■ **Information**
==========
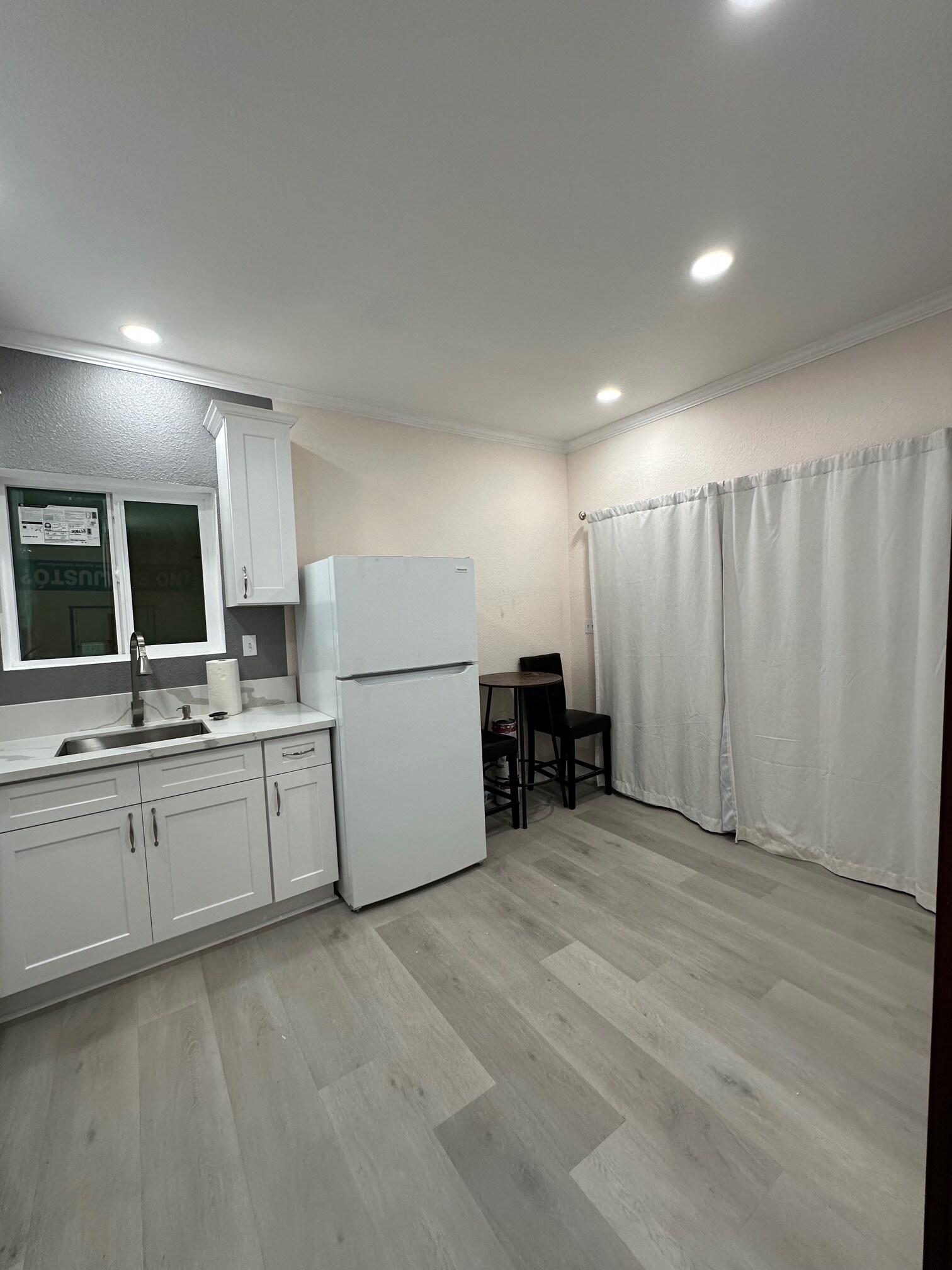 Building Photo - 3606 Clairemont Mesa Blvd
==========
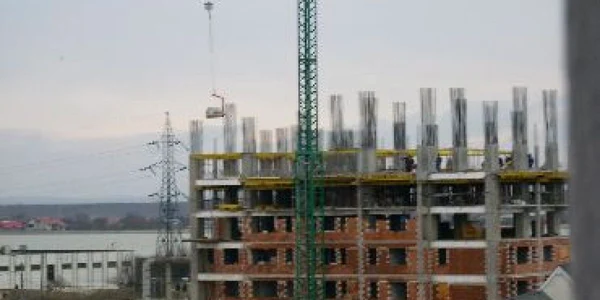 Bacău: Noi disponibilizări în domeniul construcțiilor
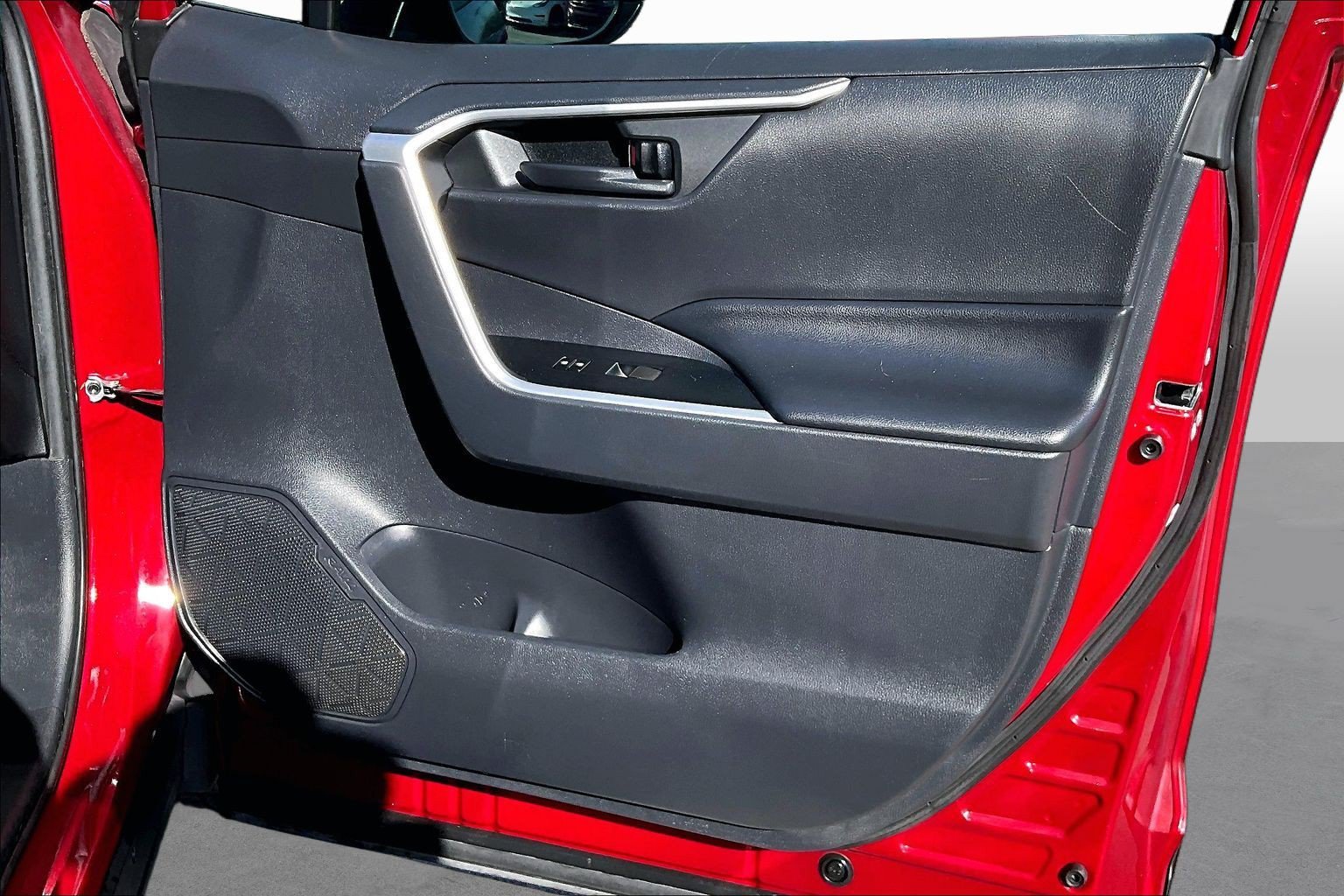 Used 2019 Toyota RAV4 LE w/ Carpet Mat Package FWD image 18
==========
■ **Task details**
Both the line containing "Bacău: Noi disponibilizări" and the line containing "Used 2019 Toyota" above belong in the output, as do the lines between them. Print them exactly, without pictures.

■ **Your response**
 Bacău: Noi disponibilizări în domeniul construcțiilor
 Used 2019 Toyota RAV4 LE w/ Carpet Mat Package FWD image 18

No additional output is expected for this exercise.